The deviations of the mean should always sum up to 0. However, when the mean has a lot of digits, maybe infinitely like this one which is 20/7, R fails to calculate it.
x <- c(1,2,2,3,3,4,5)
sum(x - mean(x))
[1] -4.440892e-16
I am quite a newbie and have not found any information about this so far, maybe I was not searching for the right terms. Is it possible to calculate with infinitely long numbers in R? I am asking this out of theoretical interest.
CodePudding user response:
The problem you have described is a general problem with all programming languages. Internally all floats are based on the IEEE754 convention. You can read more about it here.

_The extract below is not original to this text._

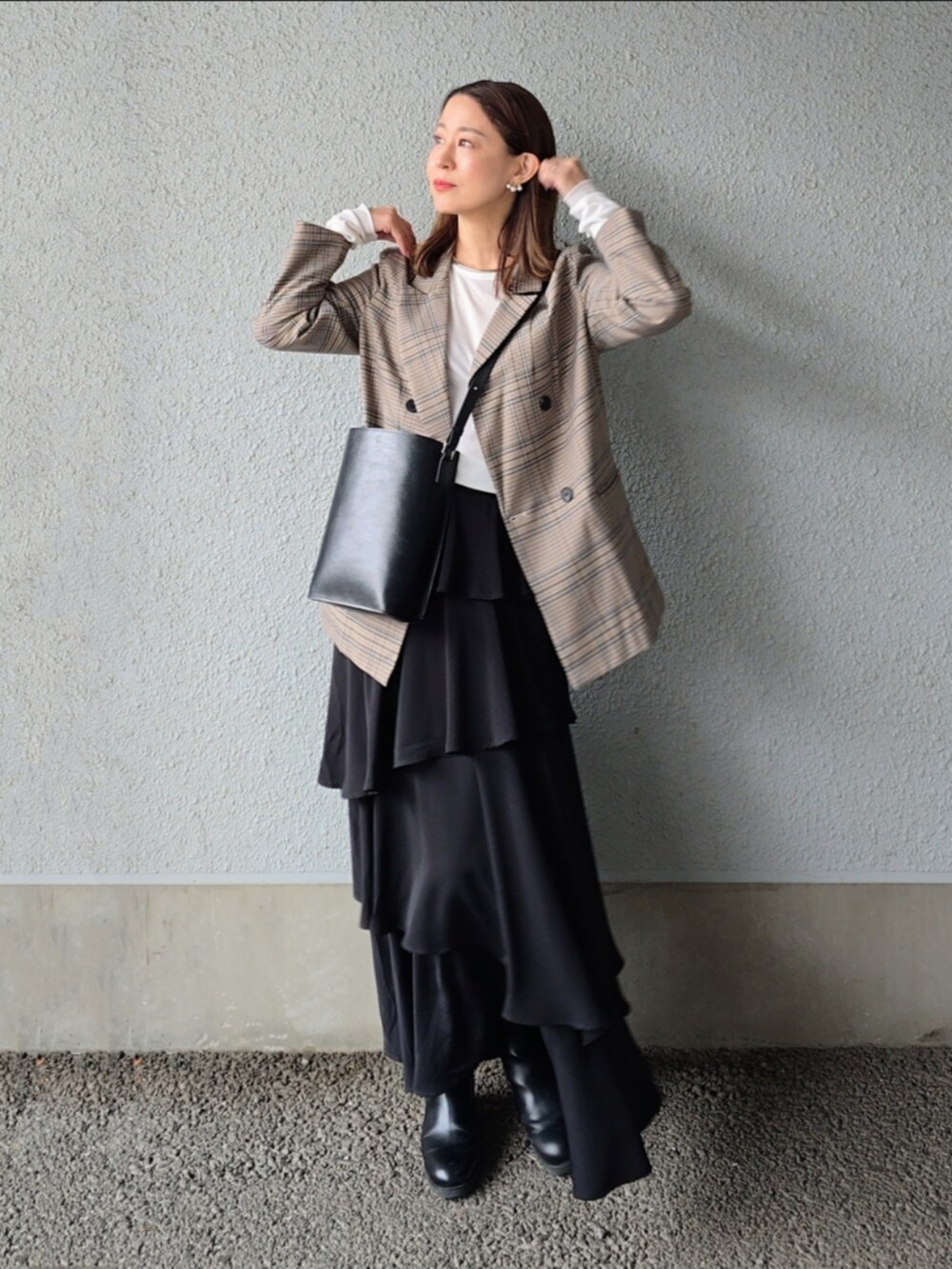 ブラック系のスカート、ブルー系のテーラードジャケット、ブラック系のバッグを着用したレディースの秋コーディネートの2枚目の写真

As far as I know there is no easy way around these small errors, except for using number representations with higher precision.

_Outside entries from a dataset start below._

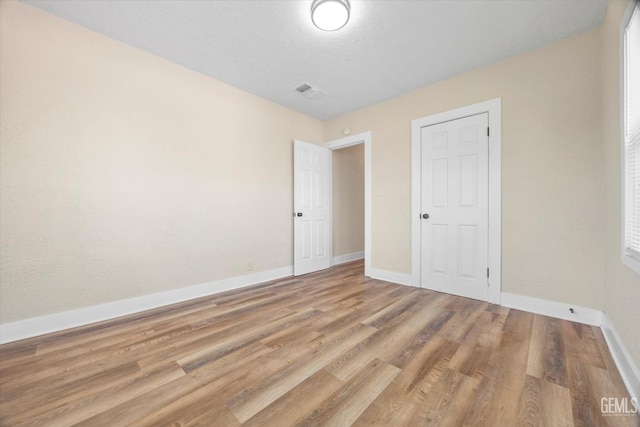 unfurnished bedroom featuring light wood-type flooring, baseboards, and visible vents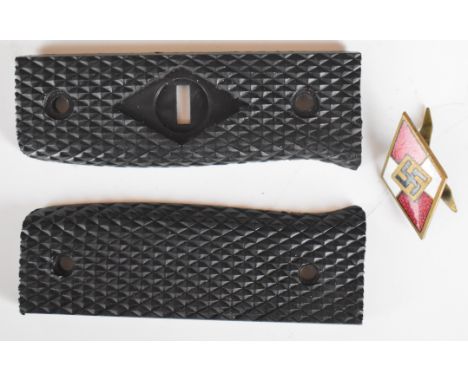 German Nazi Third Reich replacement grips for a Hitler Youth dagger with enamel emblem, marked RZM and M1/146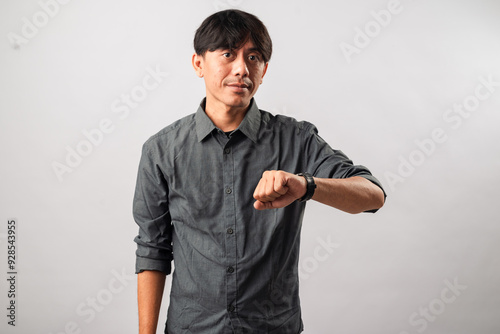 An Asian man in a gray shirt checking the time on his wristwatch, with a focused expression. The background is plain white, emphasizing his attention to the time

EDIT: R already used the double precision representation of floating point numbers. To read more about it you can have a look at the R FAQ and this SO question.
CodePudding user response:
If you deal with rational numbers only, such as your example, you can use the gmp package.
You can use the Rmpfr package to deal with numbers with an arbitrary precision (that you have to set).
Another possibility is the lazyNumbers package, freshly released on CRAN:
library(lazyNumbers)
# create a vector of lazy numbers
x <- lazyvec(c(1, 2, 2, 3, 3, 4, 5))
# compute its mean
m <- sum(x) / length(x)
# sum expected to be 0
y <- sum(x - m)
# convert it to double
as.double(y)
## 0